Roberte: 13:33 So to move here to a country where people say Arnold Schwarzenegger. When people say, then Daenerys Targaryen where people see names that are like Nietzsche. And it's Sebastian Bach. And Beethoven, I mean these are not easy names by American standards, but these people respect these people enough to not just learn their names but to pronounce their names. So to move to a country like the US and the first thing people do is like, oh, this is too hard. We're just going to call you Robbie. Now granted, have I created an identity for Robbie? Absolutely. Because I, this is who I am, but I could not believe that people would not take the time to learn how to say Roberte, when they've taken the time to learn. So many other names that would be deemed or considered difficult to American standards.
Rianka: 14:20 Yes. And thank you for sharing that. And I want, I wanted you to share that for us to hear why it's important to call you by your name because you know, we go to speak into the financial planners, and pretty much anyone who goes to conferences, you're going to meet someone, you're going to start to meet people that are coming from different backgrounds, from different countries and to, to know their name and to try to be able to pronounce their name means so much, so much more to them than you actually know. And so that's why for Roberte, I call her Roberte. I don't call her Robbie and, and so that is important.
Roberte: 15:07 And it also shows me that you care about what I have to say if, if I come to your conference and you take your time to not only say my name, but to take whatever steps it is to pronounce it, say it time and time again until you get it. It shows me that you care about what I have to say and what will, what will I be saying in the future? But if you just ignore it, that says to me, am I here because you need to meet some sort of quota or am I here because you actually care about what I have to say? Cause if you can't even get my name right, do you really care what I have to say?
Rianka: 15:39 Hmm. That's, that's one of those deep pauses right there. And I'm gonna let, I'm gonna just let the listeners sit on that one. Okay. Something else you said, when we were talking this one late night and at the dining room table, you said something else? Yeah, I'm cis gender black woman and I'm like, okay, okay. Roberte, by that time I was still trying to pronounce her name and go, well thank you. Thank you. Thank you. And I was practicing even til that day because I was like, I know your name is not Robbie, like you Haitian I known your name not Robbie. And so you were like, it's Roberte. She even taught me ways to remember it and pronounce it. And I thank you for that. And I
Roberte: 16:28 I always help people, by the way, I don't have a problem doing that. Helping people to find better ways to pronounce my name. I'm okay with that.
Rianka: 16:34 So that's good as well.
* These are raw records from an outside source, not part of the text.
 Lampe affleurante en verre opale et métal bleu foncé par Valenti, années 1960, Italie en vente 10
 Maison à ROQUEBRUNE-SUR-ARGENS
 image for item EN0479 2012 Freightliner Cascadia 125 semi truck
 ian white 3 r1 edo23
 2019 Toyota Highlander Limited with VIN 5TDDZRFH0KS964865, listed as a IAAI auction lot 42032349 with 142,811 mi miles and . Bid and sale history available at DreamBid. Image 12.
So that's not taken as an offense that's taken as, oh wow, you're really trying to learn my name, even with my name. My name is Rianka. It's just Rianka and somehow people always forget the k there is no longer is no longer Bianca, which I think was a very popular Spanish name back in the day. But so I would say Rianka they would say Bianca and I say Ri-anka they were like, Bi-anca like I know that's what you want to call me, but that is not the name my mother gave me. And so now it's Rihanna because of the singer Rihanna. I'm like, nope, nope, there's no h and there is a k. Alrighty. So, anyways, and I have some friends who, sorry, I'm going off on a tangent here. There's some friends I know who are, who are listening to this and they're like, but unless you go to Starbucks, then your name is Summer. And that's true. When I, when I go to Starbucks, you know, they, they butcher everybody's name and so I just, my name is based on the season that we're in. And so right now my name is Summer and in the fall, my name is Autumn and the winter it's Winter and then in the spring it's Spring. So now y'all know my trick,
Roberte: 17:54 I might have to use that myself.
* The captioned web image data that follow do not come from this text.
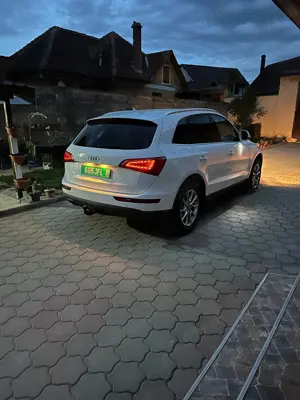 Audi Q5 170 CP automat 2010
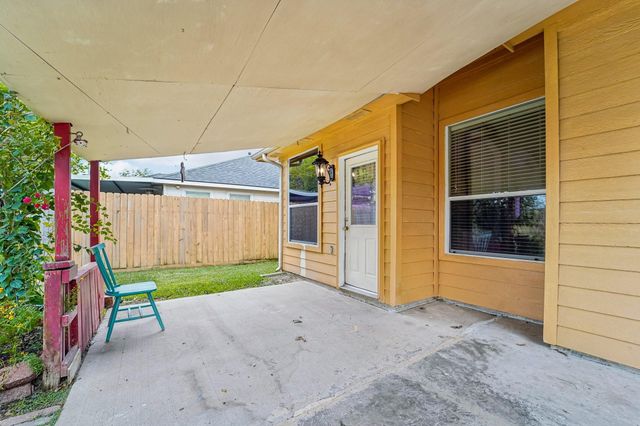 3818 Ridge Canyon Road, Baytown, TX 77521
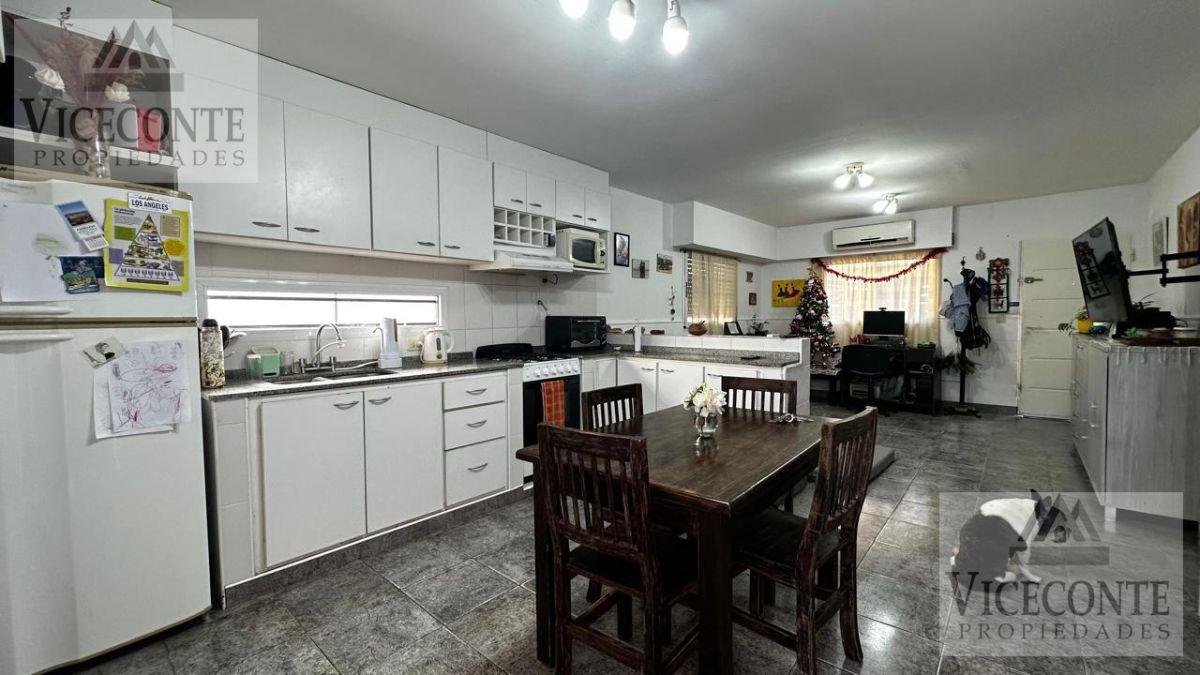 Foto de Casa 88 m2. ¡Apto crédito! Mercedes 969, entre Balcarce y Las Flores, imagen 1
Rianka: 17:56 Right? Cause it was like Summer. I'm like, Yep, that's me. All right. Sorry. Sorry. Went off on a tangent there. Let's take it back to, let me set the stage again. We were in the dining room table and Roberte said, I'm a cis-gender black woman. And I'm like, okay, hold on. I keep hearing cis gender, I keep hearing something else. And I was just like, alright, I'm going to be very vulnerable with you here. I think, I'm cis gender as well, but I'm not sure. So what does that mean? And we have a very open and honest, authentic, phenomenal conversation about this. So for the listeners who do not know what cis gender means, what is that and why is it so important to understand? What are your pronouns?
Roberte: 18:48 So I think whether we like to admit it or not or whether we do it purposely or not, we grow up most of, especially a lot of us in the global south. I think the global north, you guys are way light years ahead of us. We grew up in a very, you're born a female and society sees you as female. That's what you are. You're born male society sees you as male that's what you are, you're supposed to fit the standards of what society thinks you should be. So that's what cis gender is like. You are just, you know, you were born female and you're a female, you consider yourself female, that's pretty cis gender. And I think a lot of times we approach almost everything with that with that idea, even though we don't do it purposely, but we do it in the corporate world, we do it in the finance world, in many different worlds where we're like, oh, you know, we approach everybody without even thinking that, hey, maybe she doesn't want to be called she or he.
Roberte: 19:43 Have you asked that person that she, her and hers or her pronouns have you? How do you know if this person wants to be called she because you think they looked like she, we never have these discussions and we don't realize that if we continue to pretend that transgender people and gender non-binary people and all these people have this identity that they keep on trying to tell us exist, but we continue to ignore it because of what we see with our naked eye. We won't move. We're not going to be able to move completely in the right way that we should be moving in terms of approaching people individually, right? Because like I said, as I'm a cisgender black woman, so as a black woman, I already know what comes along with me existing in the work world. I know what comes along with that.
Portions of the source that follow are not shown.